§ Exercise aim:
Please take the lines from the one holding "Amplim Digital Basal" through the one holding "B2Ctelecom Beschermhoesje Samsung" in the data below and copy them exactly.

§ Stored data:
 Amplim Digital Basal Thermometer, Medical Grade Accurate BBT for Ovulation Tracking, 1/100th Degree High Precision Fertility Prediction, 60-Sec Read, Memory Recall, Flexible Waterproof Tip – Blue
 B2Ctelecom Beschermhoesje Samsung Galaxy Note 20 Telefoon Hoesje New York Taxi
---
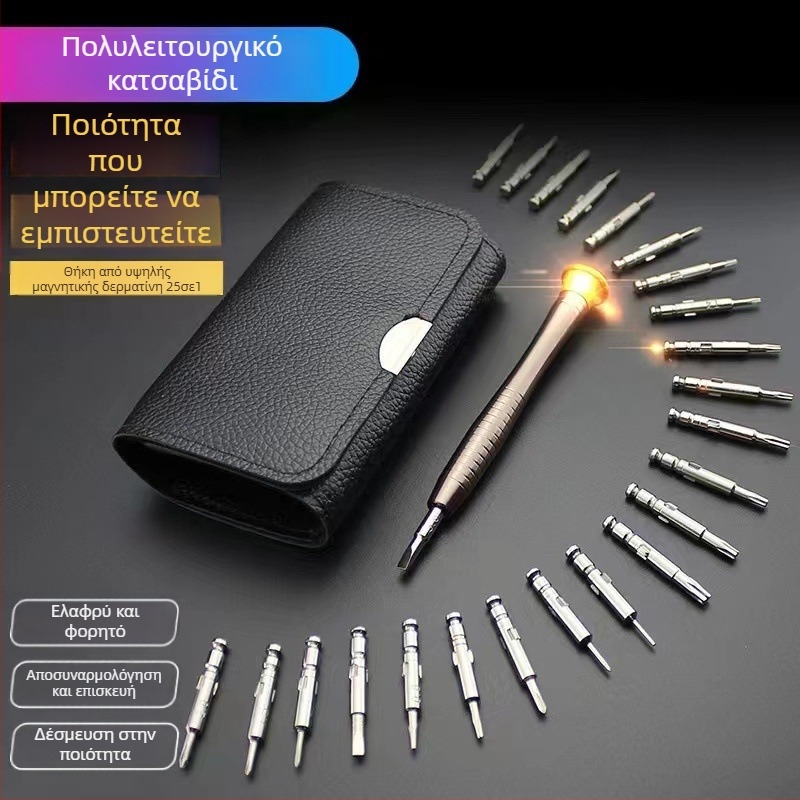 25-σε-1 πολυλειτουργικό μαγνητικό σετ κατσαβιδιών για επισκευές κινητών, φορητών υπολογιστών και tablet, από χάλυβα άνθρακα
==
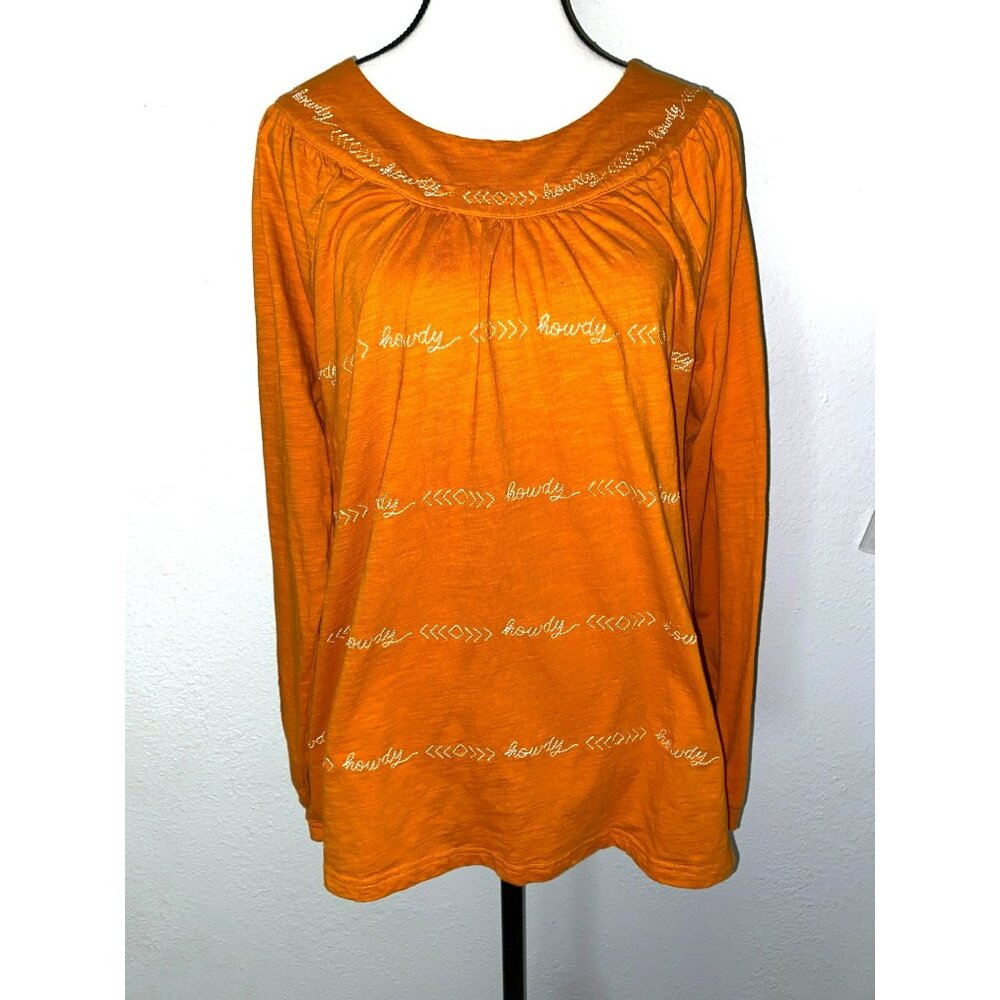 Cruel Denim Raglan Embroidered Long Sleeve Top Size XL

§ Output below:
 Amplim Digital Basal Thermometer, Medical Grade Accurate BBT for Ovulation Tracking, 1/100th Degree High Precision Fertility Prediction, 60-Sec Read, Memory Recall, Flexible Waterproof Tip – Blue
 B2Ctelecom Beschermhoesje Samsung Galaxy Note 20 Telefoon Hoesje New York Taxi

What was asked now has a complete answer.